→ Data
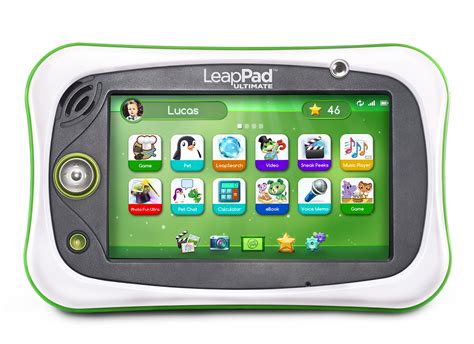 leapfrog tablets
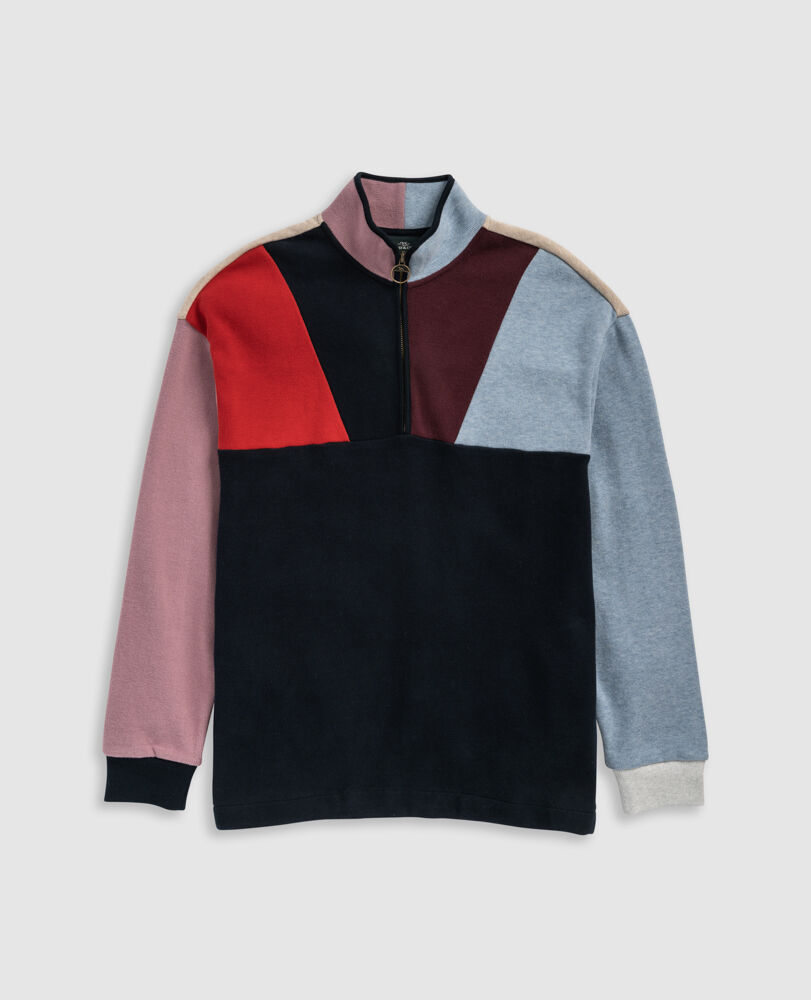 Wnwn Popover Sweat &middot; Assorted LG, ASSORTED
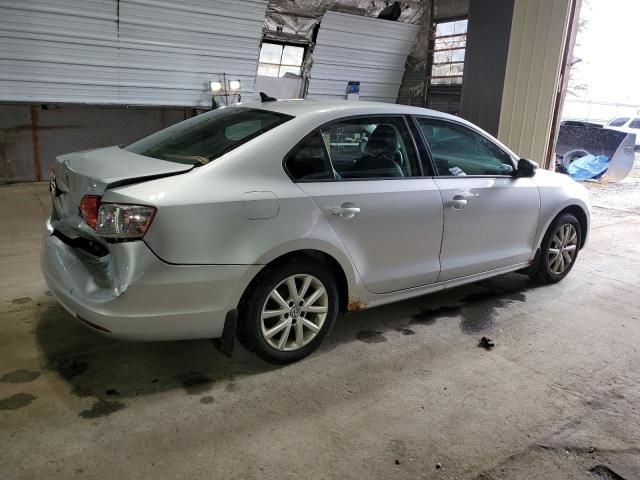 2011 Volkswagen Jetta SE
...
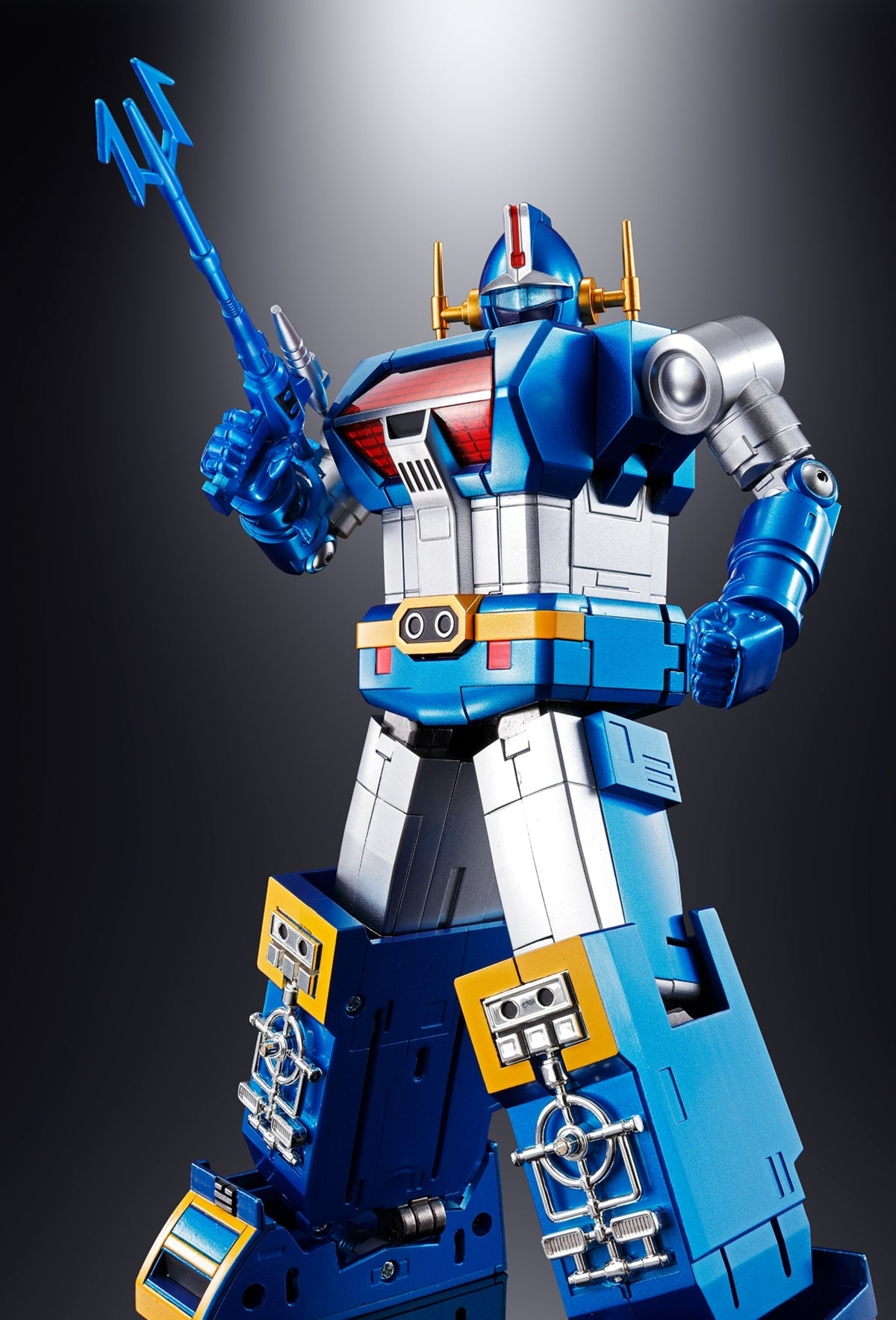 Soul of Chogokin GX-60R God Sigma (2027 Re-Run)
* * *
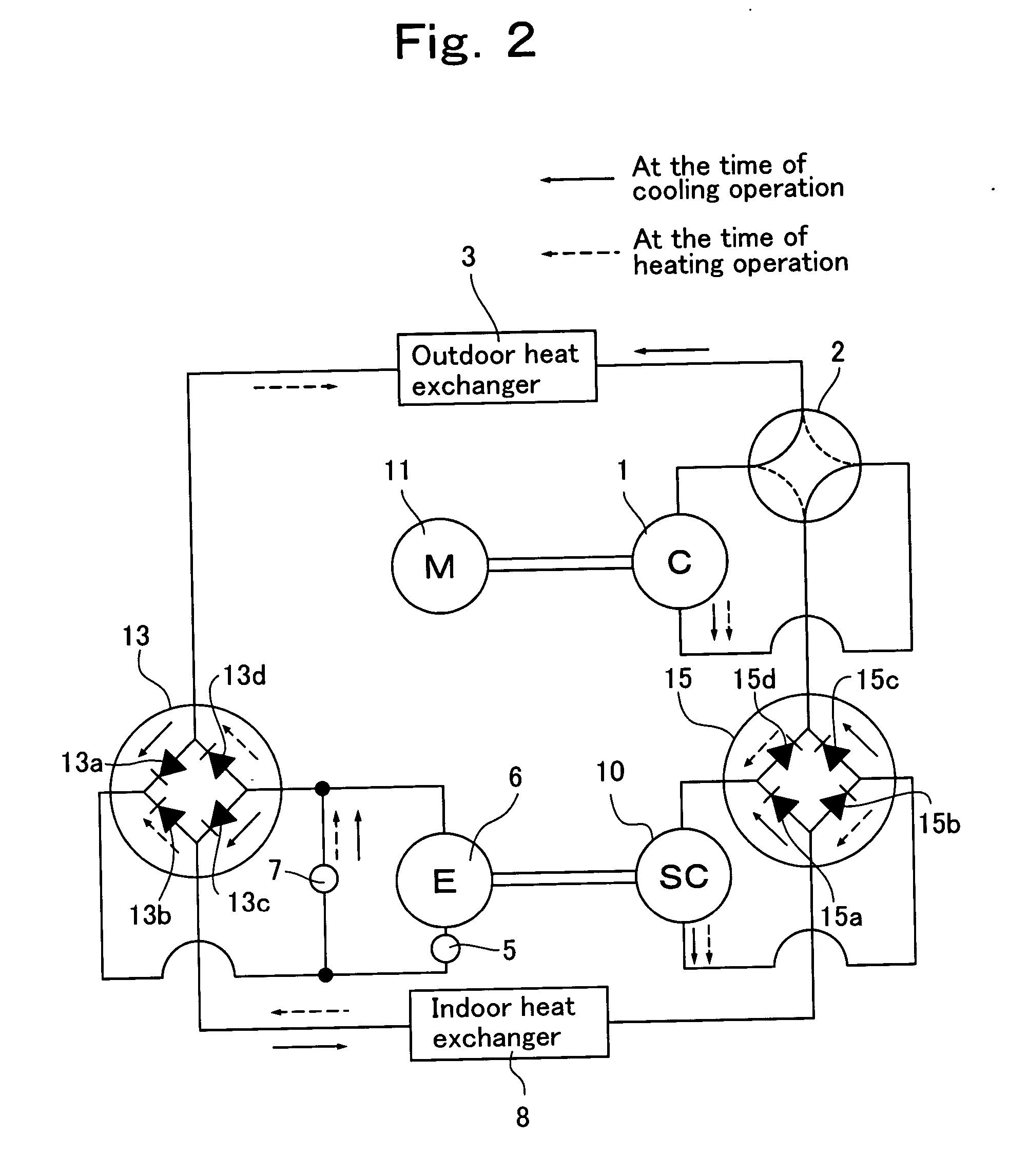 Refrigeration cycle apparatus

→ Exercise prompt
Above this task is a listing with pictures in it. Retype only the lines from the one containing "leapfrog tablets" through the one containing "2011 Volkswagen Jetta SE", both included, and not the pictures.

→ Response to this task
 leapfrog tablets
 Wnwn Popover Sweat &middot; Assorted LG, ASSORTED
 2011 Volkswagen Jetta SE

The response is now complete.